Referring now to FIG. 31, a retainer clip removal tool 2900 is shown inserted between the single rocker 405 and the retainer clip 406 of a completely assembled energy-harvesting switch assembly 100, thereby releasing both the unseen snap arms 415 on that side of the retainer clip 406 from the unseen associated latches 417 on the back plate 401. This enables that one side of the retainer clip 406 to be pulled slightly out of the assembly 100. The same step is repeated on the other side of the switch assembly 100, thereby enabling the retainer clip 406 to be withdrawn from the switch assembly 100 and the other components of the switch assembly 100 to be disassembled.
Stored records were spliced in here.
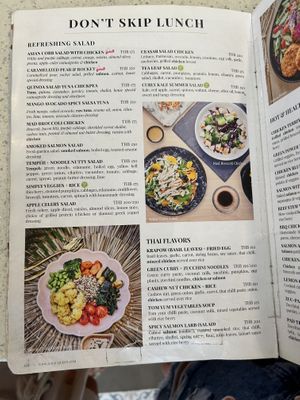 Menu February  at Juice Queen in Koh Samui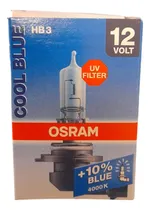 Comprar Lampara Osram Hb3 9005 Cool Blue 12v 60w Original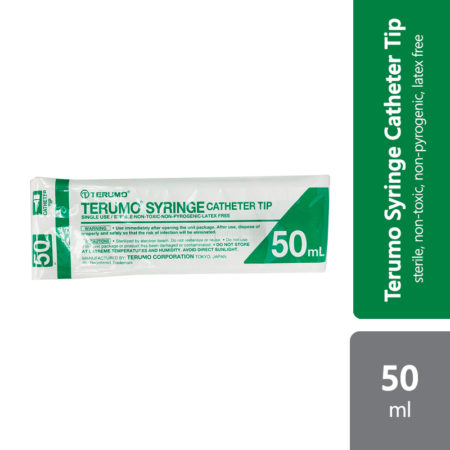 Terumo Syringe Catheter Tip 50ml 1s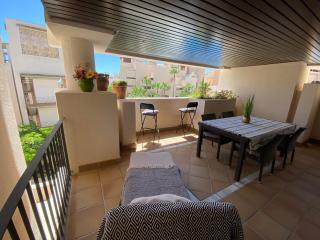 Apartment 4p Beach 3 Pools Top Location Garden SPA Parking Shops - Estepona - 2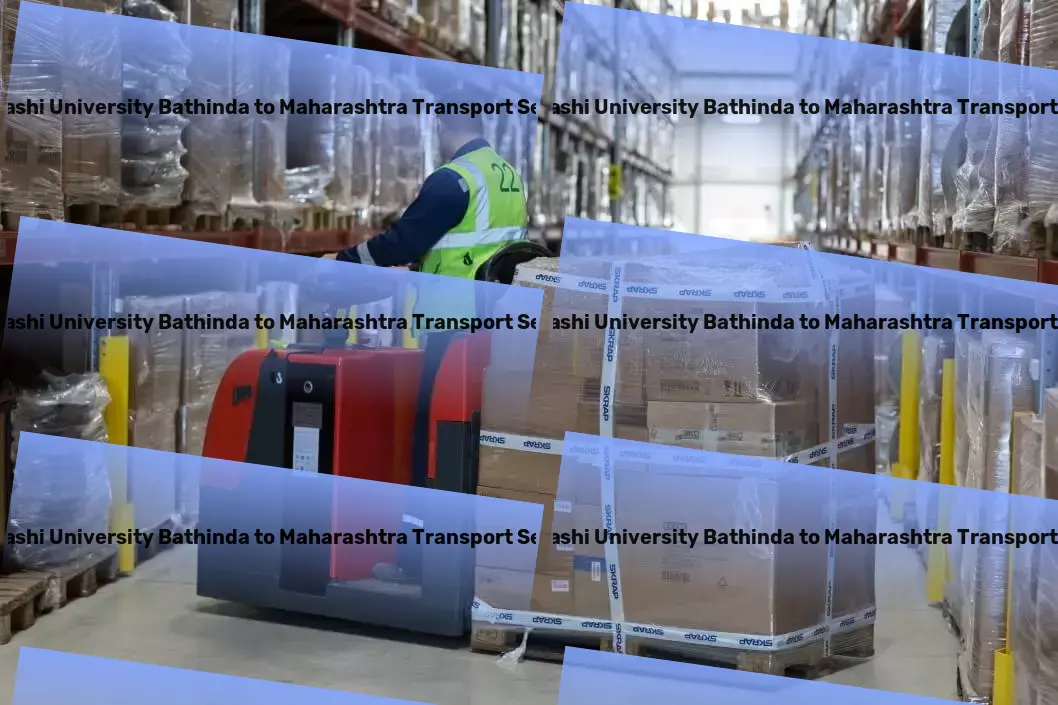 Abhilashi University Bathinda to Maharashtra Transport From North to South, experience seamless Indian logistics! - Nationwide parcel delivery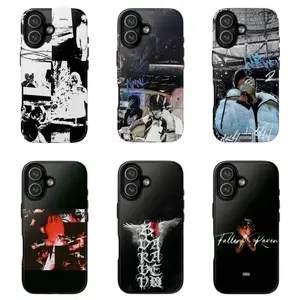 Underground Rap Aesthetic Tough Phone Case Shockproof Durable compatible with iPhone X–17 & Samsung Galaxy S21–S26 check available sizes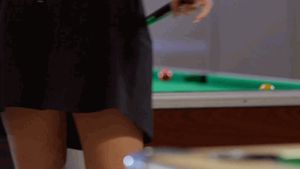 Your Wife playing Billiards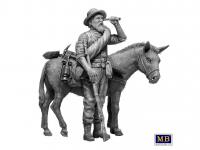 The Wild West. Gold Fever Series. Kit № 1. Gold-digger (Vista 7)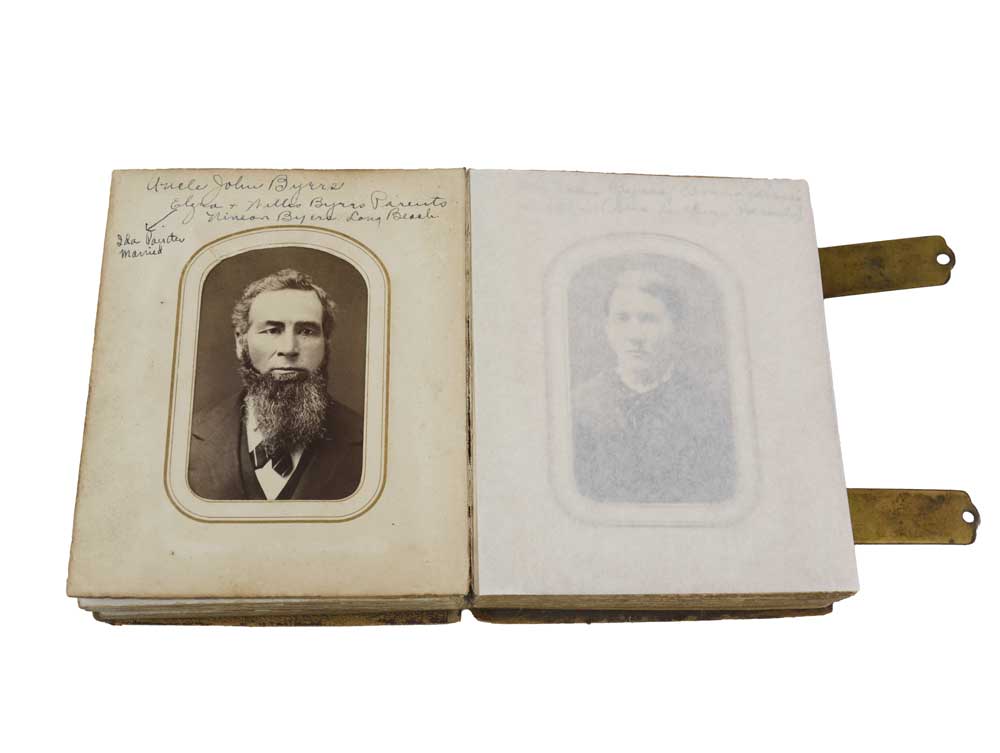 Acid-free Unbuffered Archival Thin Paper is a safe interleaving paper for albumen photographs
Referring now to FIG. 32, a second embodiment improved single-rocker, energy-harvesting switch assembly is shown as a collection of individual components 3200, which includes a flush-mount carrier 3201 that fits within a conventional single-gang U.S. or Canadian electrical wiring box. The flush-mount carrier 3201 is securable with 6-32 screws to the electrical wiring box which pass through apertures 3202-A and 3202-B in the carrier 3201. Also included in the collection of individual components 3200 are an energy-harvesting switch module 402 that is identical to that used in the first embodiment switch assemblies 100 and 200, a second embodiment single-rocker wear insert 3203, a second embodiment single rocker 3204, and a second embodiment retainer clip 3205. A trim plate (item 3401 of FIG. 34) will be attached to the carrier 3201 with decorative screws (items 3402-A and 3402-B of FIG. 34), which may be replaced with security screws to further hamper tampering with the switch assembly. Even if the trim plate is removed by a potential thief, there is a second round of defense. In order to assemble the improved second embodiment switch assembly 3200, the energy-harvesting switch module 402 is inserted into the receptacle 3206 of the carrier 3201. It will be noted that, as with the first embodiment back plate 401, there are four tabs 3207-A, 3207-B, 3207-C and 3207-D (only 3207-A and 3207-D are visible in this view) at the corners of the receptacle 3206 act as rear stops in the containment of an installed module. Next, second embodiment single-rocker wear insert 3203 is snapped onto the rear of the second embodiment single rocker 3204 and the rocker is snapped onto the outer pivot pins 412 of the switch module 402. It will be noted that the retainer clip 3205 has a rectangular beam frame 3208. Each side beam 3209 is equipped with a pair of snap arms 3210, each of which has a notch 3211 that is sized to engage a latch 3212 within a rectangular aperture 3213-A, 3213-B, 3213-C or 3213-D. Once the second embodiment retainer clip 3205 has engaged the latches 3212, the rocker 3204 and the energy-harvesting switch module 402 are secured within the carrier 3201. In order to release the retainer clip 3205 non-destructively, the carrier 3201 must be extracted from the wiring box by removing the screws that secure it to the box. Those screws can also be security screws to make the life of thieves more difficult.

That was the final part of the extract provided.